New partners Dan Williams and Todd Hampton clinched the California Circuit Aggregate Championship on Dec. 31, 2022, in Red Bluff, California, proving that steady wins the race despite missing checks in each round.
With an aggregate time of 20.7 on three head, Williams and Hampton each earned $2,990 and a ticket to the NFR Open in Colorado Springs, Colorado, July 13–16, 2023.
As the West Coast was hammered with rain, the new teammates strategized against tricky cattle, tough draws and a horse change on the head side. They came together after their respective teammates missed the top-12 cutoff for the circuit finals. Williams’ partner Rhett Kennedy missed the last weekend of the season after an injury, while Hampton’s partner Lane Karney missed the 12th position by a painful $19 due to what Hampton called “missed opportunities.”

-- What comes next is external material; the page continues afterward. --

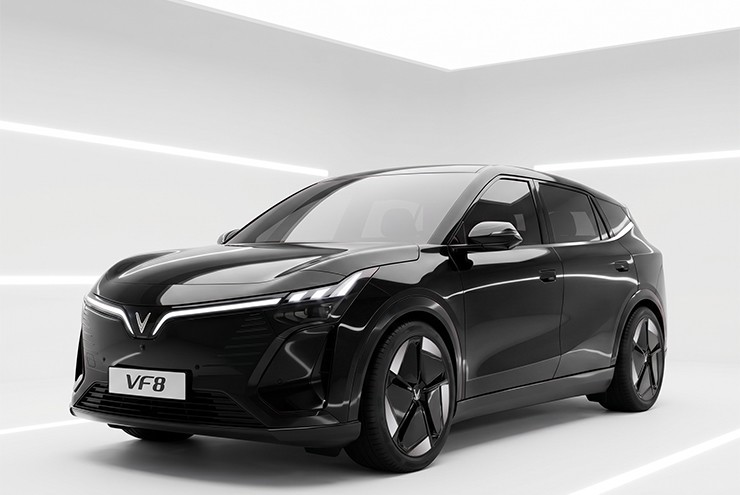 VinFast VF 8 thế hệ mới bắt đầu nhận cọc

Knowing that Hampton was also partnerless, Williams gave Hampton a call and the two teamed up. With only a few trips out of the box together, the pair executed three clean runs in the Pauline Davis Pavilion in Red Bluff, California.
“I’d roped with Dan Williams once before at one of our circuit finals,” said Hampton, 51. “We haven’t roped that much together at all but I’ve seen him rope a lot. I knew that he roped really well and he was an aggressive roper, so I knew that I needed to be ready.”
Catching in a Tight Setup
In the first round, Williams and Hampton stopped the clock at 7.6 seconds, which was out of the money but clean amidst a field of barrier and leg penalties.

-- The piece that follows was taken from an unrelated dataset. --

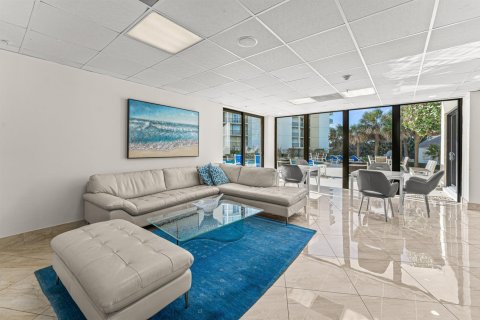 Condo in Riviera Beach, Florida, 2 bedrooms  № 2083331 - photo 25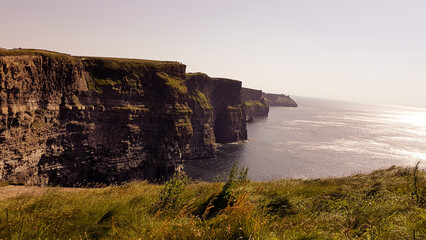 Acantilado y mar junto al horizonte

“Our first one came left real hard. That’s a little arena and we got hung in the wall there,” said Williams, 38. “I was disappointed in my gelding Maverick; he didn’t face as good as he should have, so I got on my mare.”
Williams’ mare “Fifty” is less than 15 hands and built like a brick house. Williams, who resides in Standish, California, described her as a “faster go” than his gelding.
“She’s a little stronger and faced faster in the tight areas of that building,” he said.
The second round yielded a 6.2-second run, keeping the duo in the aggregate race as challengers dwindled on the slower-running steers and short barrier.
“You just give yourself another opportunity and execute on your opportunities,” said Hampton, of Madera, California. “For the third round, I knew all I had to do is catch two feet and I’m guaranteed second in the average.”
For roping veteran Hampton—who has been the to California Circuit Finals more than 10 times and a national circuit finals competitor five times—the mission was to “knock’em down.”
A time faster than 10.5 seconds would nab the team first, and they stopped the clock at 6.9, giving Williams his first NFR Open qualification.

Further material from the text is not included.